● EXERCISE: In the records below, find the line with "Mens Utah Jazz", then retype it and every following line exactly, stopping after the line with "Banjado WC-Sitz mit". Leave the pictures out.

** DATA SUPPLIED follows **

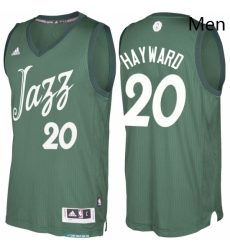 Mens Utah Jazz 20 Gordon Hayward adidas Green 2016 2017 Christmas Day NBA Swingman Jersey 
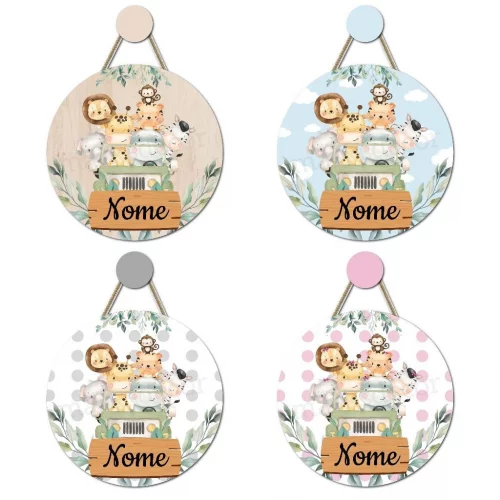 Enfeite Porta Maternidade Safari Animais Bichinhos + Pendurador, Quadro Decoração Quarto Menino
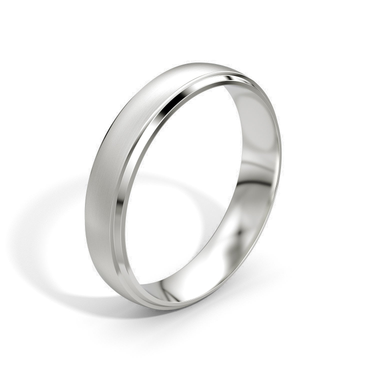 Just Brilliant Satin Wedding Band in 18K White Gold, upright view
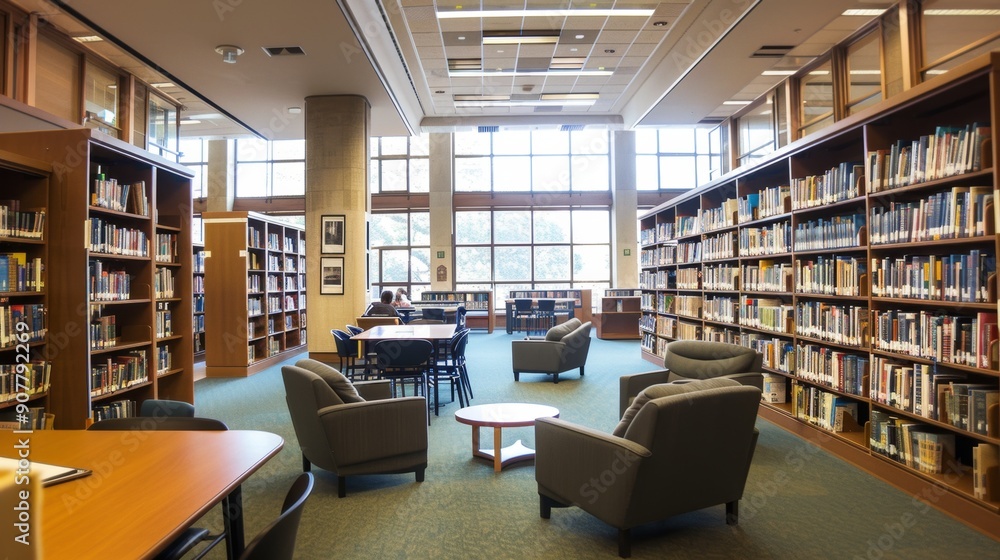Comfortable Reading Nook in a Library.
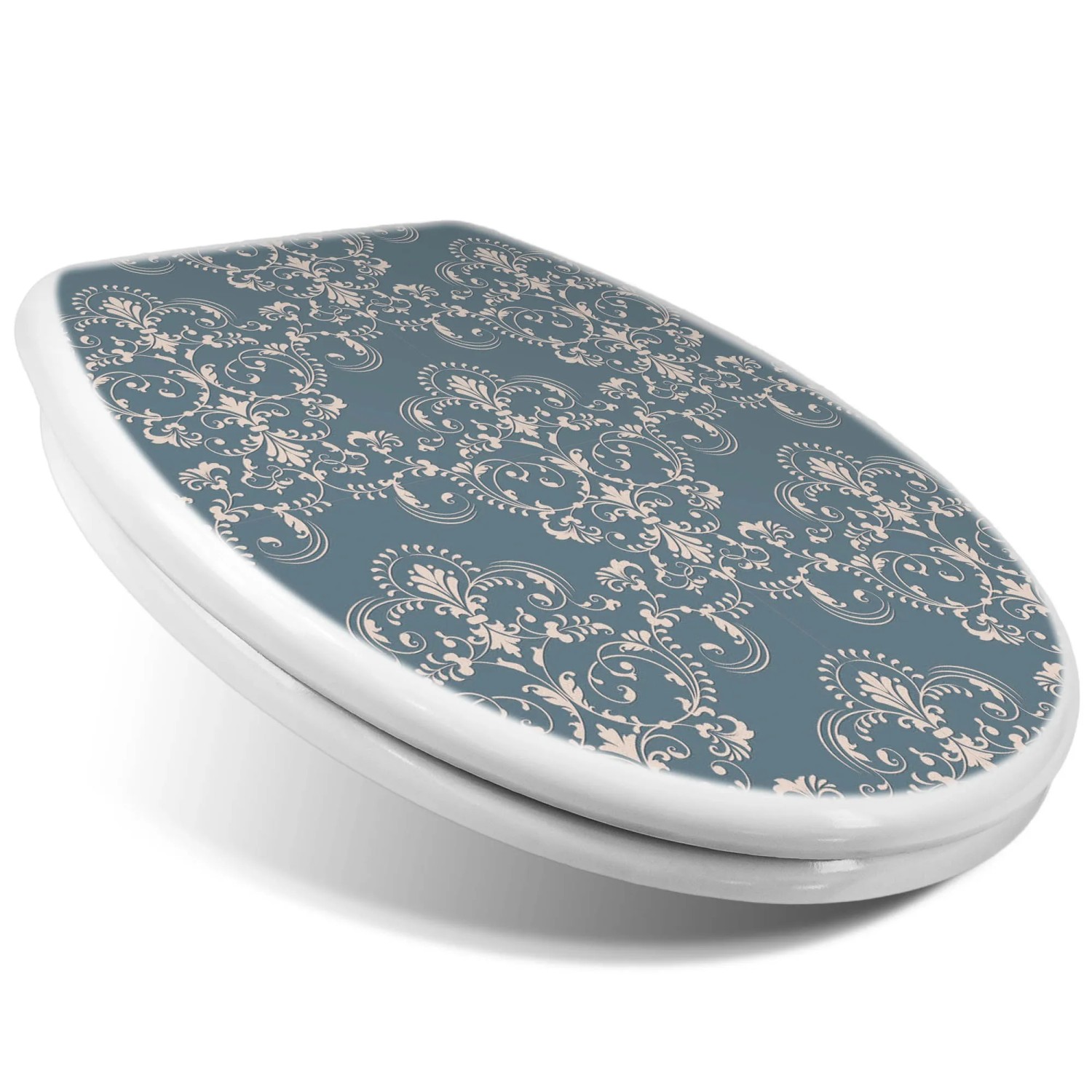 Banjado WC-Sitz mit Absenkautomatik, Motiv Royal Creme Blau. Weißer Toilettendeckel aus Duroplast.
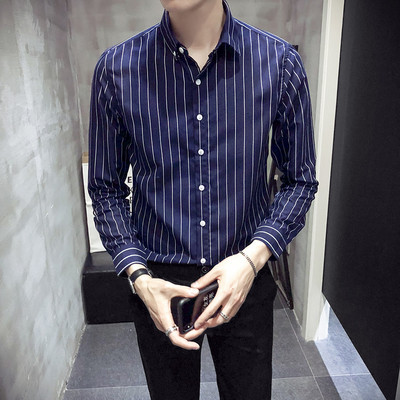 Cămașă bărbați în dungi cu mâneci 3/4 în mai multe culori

** End of DATA SUPPLIED **
** DATA SUPPLIED follows **

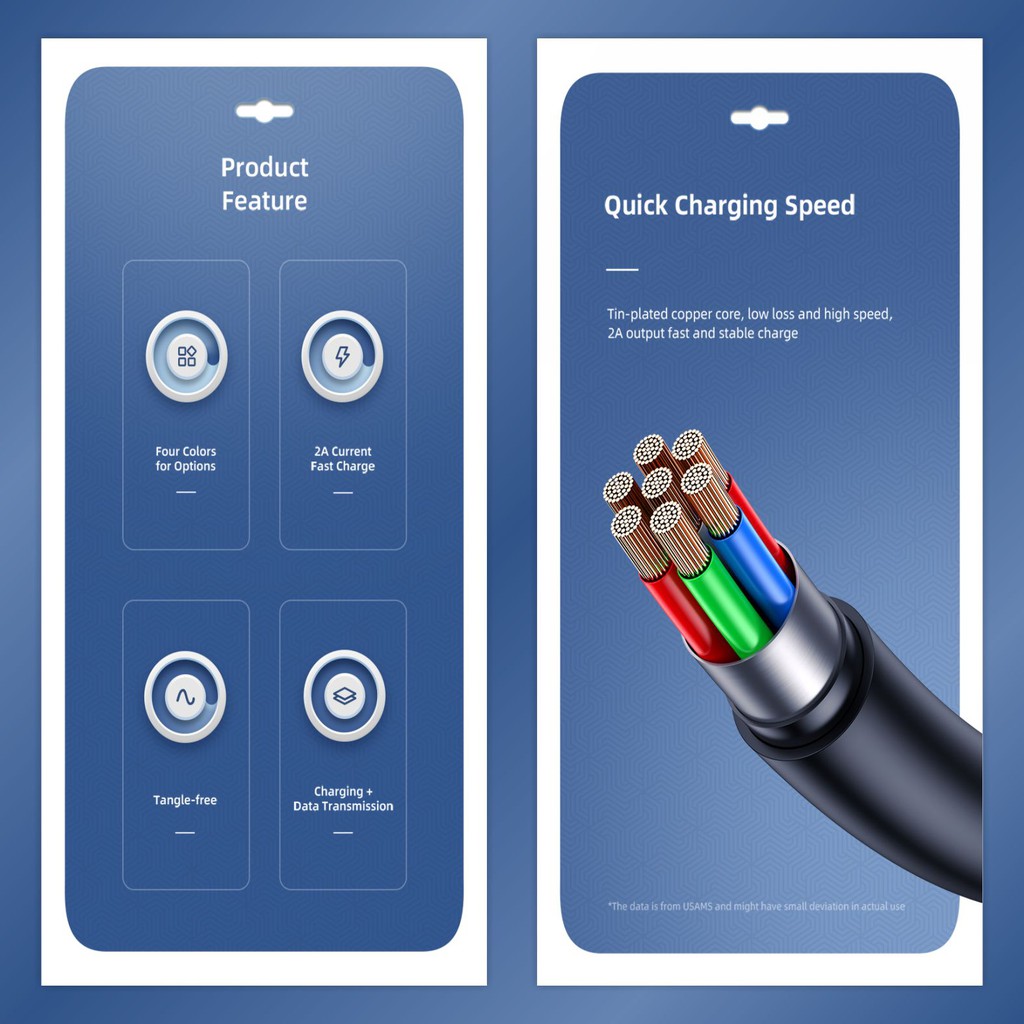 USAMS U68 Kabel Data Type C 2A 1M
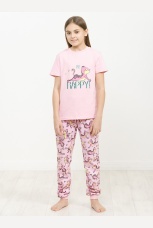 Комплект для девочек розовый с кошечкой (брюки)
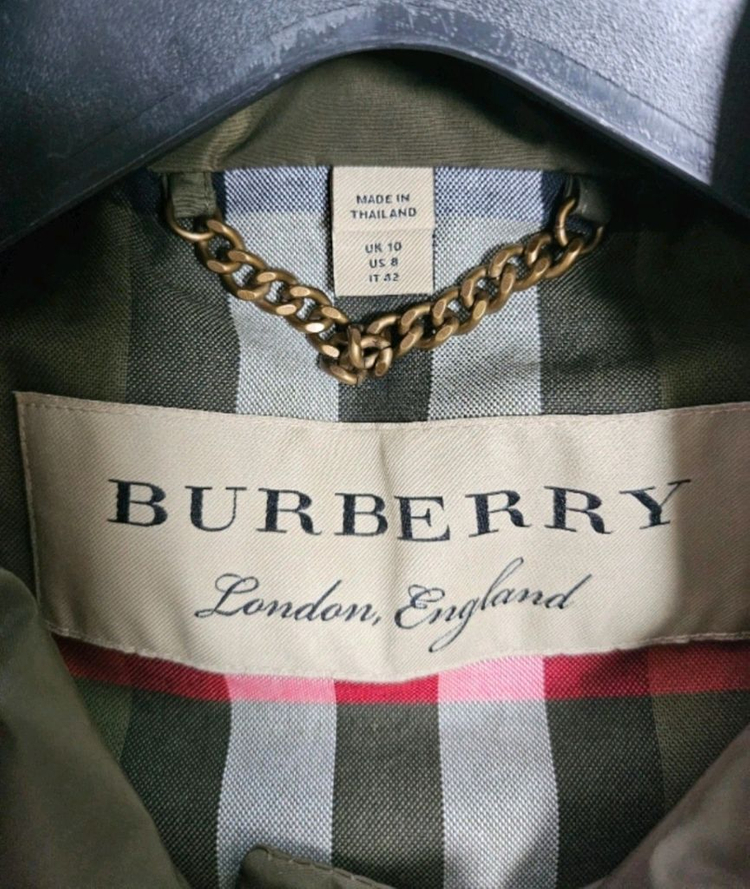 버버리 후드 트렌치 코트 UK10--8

** End of DATA SUPPLIED **
** DATA SUPPLIED follows **

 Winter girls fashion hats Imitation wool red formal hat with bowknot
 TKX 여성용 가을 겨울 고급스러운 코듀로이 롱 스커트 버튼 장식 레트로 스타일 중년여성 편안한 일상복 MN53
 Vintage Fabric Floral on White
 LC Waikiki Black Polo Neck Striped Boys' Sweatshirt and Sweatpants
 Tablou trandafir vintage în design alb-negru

** End of DATA SUPPLIED **

● EXERCISE RESULT:
 Mens Utah Jazz 20 Gordon Hayward adidas Green 2016 2017 Christmas Day NBA Swingman Jersey 
 Enfeite Porta Maternidade Safari Animais Bichinhos + Pendurador, Quadro Decoração Quarto Menino
 Just Brilliant Satin Wedding Band in 18K White Gold, upright view
Comfortable Reading Nook in a Library.
 Banjado WC-Sitz mit Absenkautomatik, Motiv Royal Creme Blau. Weißer Toilettendeckel aus Duroplast.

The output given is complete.